I also love the Easter story because I feel like there is something new revealed every time I read it. And this year, that “something new” was revealed through a single thought running through my mind during my church’s Good Friday service last week: I would have saved myself.
In Matthew 27:39-43, we read about the crucifixion. And instead of glazing over the verses that describe the reactions of the crowd as Jesus hung on the cross, I zeroed in on them. Maybe it’s because I’m in a season where I’m particularly tempted to people-please (even more than usual). Or maybe it’s because I’m a naturally super defensive person. Whatever the reason, the taunting of the crowds – and Jesus’s wherewithal to not give in to their taunting – made me view the concept of humility in a new, Easter light.

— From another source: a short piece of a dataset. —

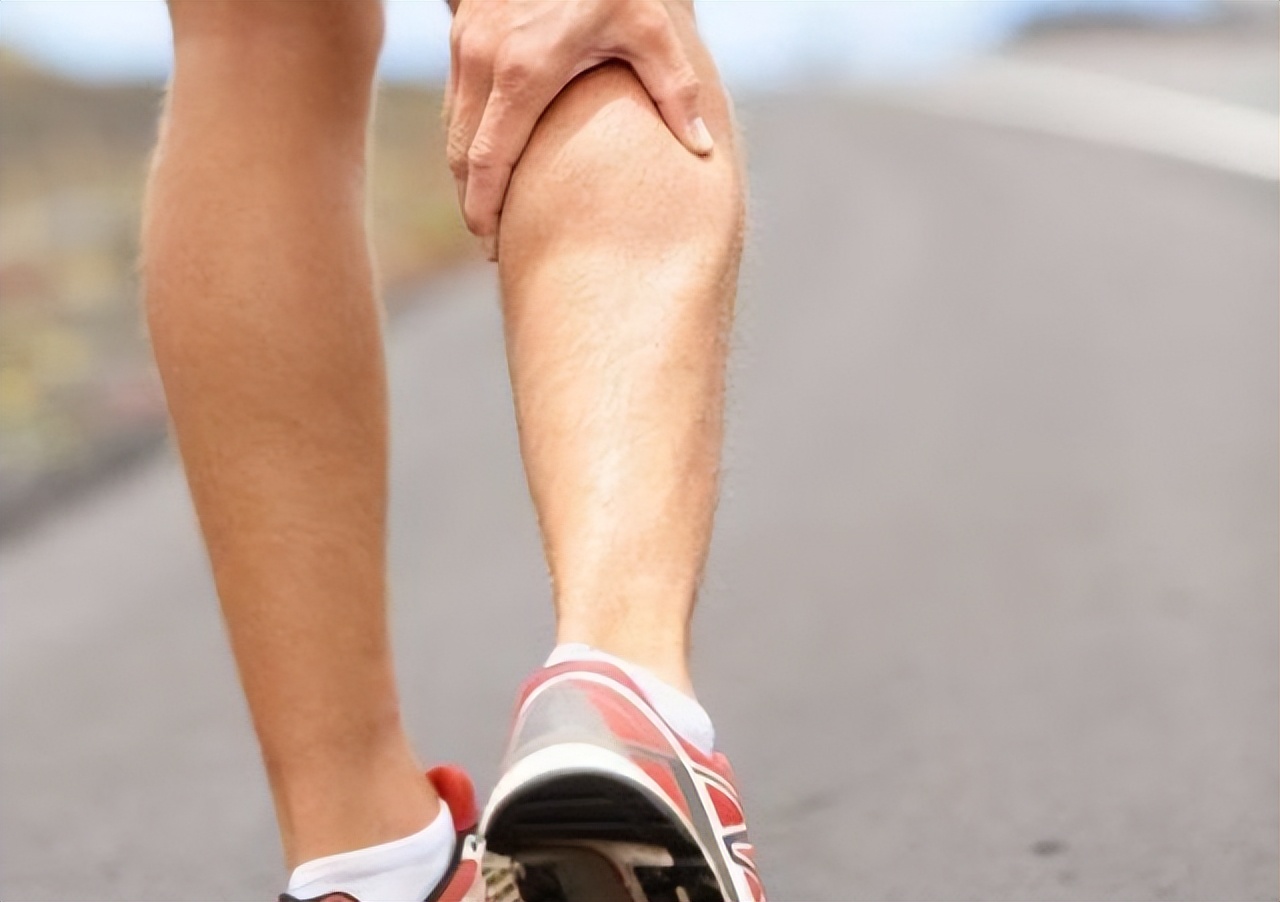 抽筋是什么原因和治疗方法,小腿抽筋胳膊抽筋手指抽筋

“Those who passed by hurled insults at him, shaking their heads and saying, ‘You who are going to destroy the temple and build it in three days, save yourself! Come down from the cross, if you are the Son of God!’ In the same way the chief priests, the teachers of the law and the elders mocked him. ‘He saved others,’ they said, ‘but he can’t save himself! He’s the king of Israel! Let him come down now from the cross, and we will believe in him. He trusts in God. Let God rescue him now if he wants him, for he said, ‘I am the Son of God.’” – Matthew 27:39-43
As I heard those verses read aloud during the Good Friday service, I found myself thinking how I would have saved myself in that moment, as they tempted Jesus to do. Yes, in part (okay, a lot in part) to avoid the excruciating pain and agony. But when I was honest with myself, I realized I would have also saved myself because of my pride.
Jesus, in his humility, not only endured the pain of the cross but the scorn of the people. I’ve always placed emphasis on the physical side of the Easter story, because how could you not when you’re talking about something as brutal as crucifixion? But this year, I also looked deeper into the emotional side. The mockery, the sarcasm, the derision that Jesus experienced is something I hadn’t grappled with before. They weren’t just murdering him – they were questioning and mocking the very essence of who he was.

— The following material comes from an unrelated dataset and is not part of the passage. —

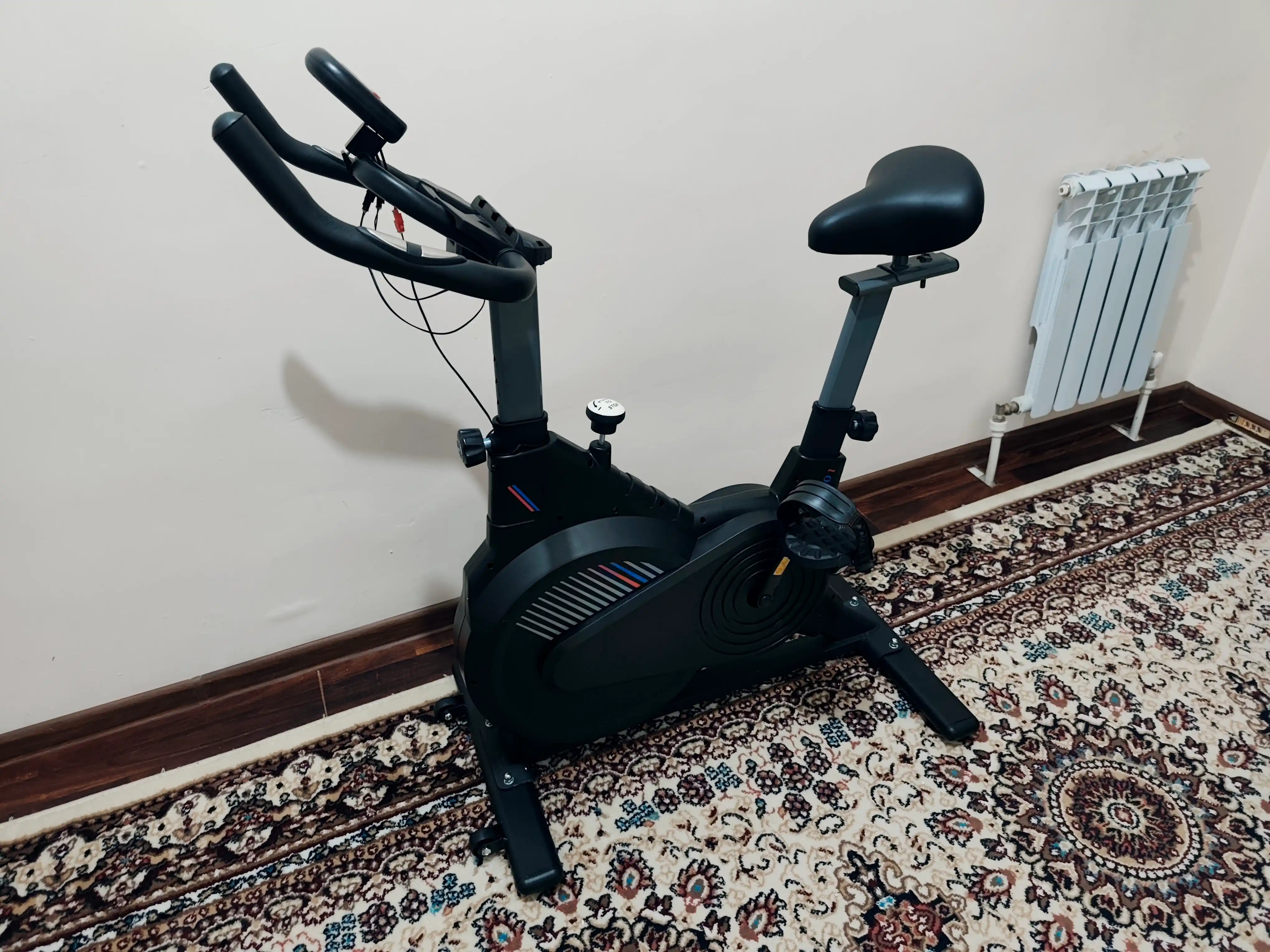 Uy va zal uchun velotrenajyor, mini, ixcham ES-01, 120 kg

When someone questions me (be it something I say, a choice I’ve made, a belief I hold, etc.) my immediate response is one of defense. When someone tells me I can’t do something, my first thought is “watch me.” I don’t like being questioned or challenged, and I know a big part of that is due to my pride. I don’t like being told what I can or can’t do (do any of us really?)
My stubbornness would have wanted to prove who I was to the mockers, to make them pay for what they had said, to show them up. Jesus did the opposite. “He was oppressed and afflicted, yet he did not open his mouth; he was led like a lamb to the slaughter, and as a sheep before its shearers is silent, so he did not open his mouth.” – Isaiah 53:7
Silent in the face of mockery. Silent in the face of lies, of questions, of ridicule. As a reactive individual, that simply astounds me. So, if there’s one new lesson I’ve gleaned from the Easter story this year, it’s one of humility. That we don’t always have to defend who we are when others question it. That we don’t have to prove ourselves to others when we already have the approval of God. That there is a time to speak up (we did see Jesus do plenty of that during his time on earth) and a time to be silent. That defending our pride in the Good Friday moment doesn’t lead to the kind of Easter Sunday grace we so desperately need.

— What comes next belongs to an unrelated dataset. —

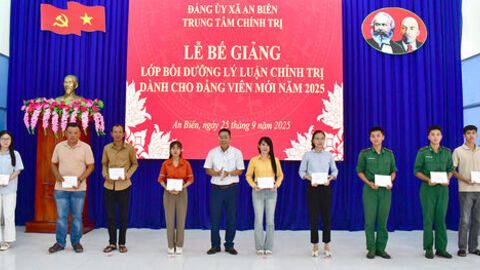 35 đảng viên mới hoàn thành lớp bồi dưỡng lý luận chính trị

I realized that the hope of Easter Sunday first requires the humility of Good Friday.
One thing I know is that if Jesus had saved himself on that Good Friday, he would not have saved me. If he had defended who he was, he would not have been able to once and for all show who he was to the world. If he had cared more about what the world thought, he would not have become the Savior of the world. I am so overwhelmingly grateful for the humility he displayed because without it, I don’t know where we’d be. And it is this display of humility, even in the face of death, that I pray would motivate me to seek to display more humility in my own life.
“His agony was the basis for the simplicity of our salvation. The Cross of Christ was a triumph for the Son of Man. It was not only a sign that our Lord had triumphed, but that He had triumphed to save the human race. Because of what the Son of Man went through, every human being has been provided with a way of access into the very presence of God.” – Oswald Chambers, My Utmost for His Highest
This. is. amazing. I would have saved myself, too. Thank you, Jesus!!!!